EXERCISE REQUIREMENTS: In your answer, copy every entry that follows exactly.

INFORMATION GIVEN:
....................
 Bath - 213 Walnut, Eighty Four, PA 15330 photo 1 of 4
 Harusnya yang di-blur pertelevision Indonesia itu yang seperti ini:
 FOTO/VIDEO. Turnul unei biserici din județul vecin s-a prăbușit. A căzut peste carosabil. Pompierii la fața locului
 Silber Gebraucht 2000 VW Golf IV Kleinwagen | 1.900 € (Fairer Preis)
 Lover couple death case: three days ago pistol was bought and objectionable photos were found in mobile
....................
SOLUTION FOR THIS PROBLEM:
 Bath - 213 Walnut, Eighty Four, PA 15330 photo 1 of 4
 Harusnya yang di-blur pertelevision Indonesia itu yang seperti ini:
 FOTO/VIDEO. Turnul unei biserici din județul vecin s-a prăbușit. A căzut peste carosabil. Pompierii la fața locului
 Silber Gebraucht 2000 VW Golf IV Kleinwagen | 1.900 € (Fairer Preis)
 Lover couple death case: three days ago pistol was bought and objectionable photos were found in mobile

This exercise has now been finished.